É por mais que sejamos levados a evoluir em nossas vidas, que passemos a nos prover de intenções direcionadas ao autoconhecimento, ou mesmo que adotemos as costumeiras diretrizes do dia a dia e palavrinhas que nos contextualizam com a realidade, somos surpreendidos como ainda guardamos em nosso íntimo o que nos foi passado por nossos pais, que já receberam dos seus de geração a geração.


Nós acostumamos à limitação dos fatos ao tempo em que eles são de alguma forma, interessantes para nossa vida, para a sociedade, para aprimorar conhecimentos ou qualquer coisa que o valha.  Muita coisa foi guardada na memória da humanidade, mas nenhuma delas consegue aproximar-se do marco memorável que demarcou a história, a fé, o amor, a paixão e a compreensão do Sagrado.


Há, entre todos os acontecimentos que a humanidade testemunha um MISTÉRIO impossível de ser ignorado.

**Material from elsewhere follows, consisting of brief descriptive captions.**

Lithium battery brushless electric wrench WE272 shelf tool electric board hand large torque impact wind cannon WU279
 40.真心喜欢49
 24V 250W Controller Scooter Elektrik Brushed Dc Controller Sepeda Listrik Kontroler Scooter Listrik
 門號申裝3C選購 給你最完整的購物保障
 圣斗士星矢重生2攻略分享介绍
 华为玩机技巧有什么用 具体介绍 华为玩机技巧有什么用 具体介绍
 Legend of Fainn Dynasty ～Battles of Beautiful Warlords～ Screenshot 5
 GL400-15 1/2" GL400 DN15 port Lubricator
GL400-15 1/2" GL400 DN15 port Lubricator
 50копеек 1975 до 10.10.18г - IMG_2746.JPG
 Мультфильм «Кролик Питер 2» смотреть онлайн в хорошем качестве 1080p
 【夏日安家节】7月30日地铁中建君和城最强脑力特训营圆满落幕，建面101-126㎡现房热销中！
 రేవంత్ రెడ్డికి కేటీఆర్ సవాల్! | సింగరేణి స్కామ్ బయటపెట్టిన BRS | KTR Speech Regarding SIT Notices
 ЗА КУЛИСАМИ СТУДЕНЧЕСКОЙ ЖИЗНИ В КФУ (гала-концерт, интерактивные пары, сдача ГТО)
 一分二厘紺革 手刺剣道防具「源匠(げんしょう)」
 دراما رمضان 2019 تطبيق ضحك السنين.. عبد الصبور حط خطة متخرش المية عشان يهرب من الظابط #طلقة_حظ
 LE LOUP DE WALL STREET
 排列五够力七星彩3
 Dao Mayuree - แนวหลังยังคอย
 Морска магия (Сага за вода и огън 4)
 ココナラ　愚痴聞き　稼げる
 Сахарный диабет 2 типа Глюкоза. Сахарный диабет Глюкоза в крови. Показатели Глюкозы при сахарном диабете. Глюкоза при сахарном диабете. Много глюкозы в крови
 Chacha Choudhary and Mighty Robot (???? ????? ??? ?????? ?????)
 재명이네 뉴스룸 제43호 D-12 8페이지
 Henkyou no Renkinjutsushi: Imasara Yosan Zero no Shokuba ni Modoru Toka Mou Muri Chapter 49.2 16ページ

Um acontecimento capaz de retroceder o relógio secular, de materializar desígnios Divinos e iluminar a humanidade sobre a ação e a obra de DEUS.


Falo da PAIXÃO DE CRISTO. Um momento único na história da humanidade. Iniciado com a Anunciação do Anjo a Maria e do seu sim, traduzido singularmente no Magnificat, o seu canto de amor. A história de amor e de aceitação tem muitos personagens. À Maria, mãe do Salvador, foi indispensável o suave amor de José,   que o fez acreditar, protegê-la, desposá-la e, sobretudo, amar a Jesus portando-se como um Pai e, numa lição espetacular de humildade ensinar, ao Rei dos Reis, o humilde ofício de carpinteiro.


A História da Paixão de Cristo atravessa os séculos, desafia a humanidade, a heresia, a apostasia, a agnosia, tudo e até mesmo as espalhafatosas declarações em busca de parâmetros para imagens a serem vendidas. Muitos lembram a polêmica frase atribuída a um Diretor da  “White Star Line”  sobre o TITANIC: “Nem Deus afunda o Titanic.” A frase imputada a Jonh Lenon, um dos Beatles: “Nos somos mais famosos que Jesus Cristo”. Uma  atitude de  Cazuza, que num show no Canecão deu um trago num cigarro de maconha, olhando para o alto e soltando a fumaça  afirmou: “Deus essa é para você”. Todos se foram, todos morreram, Deus permanece e Jesus ressuscita todos os dias. 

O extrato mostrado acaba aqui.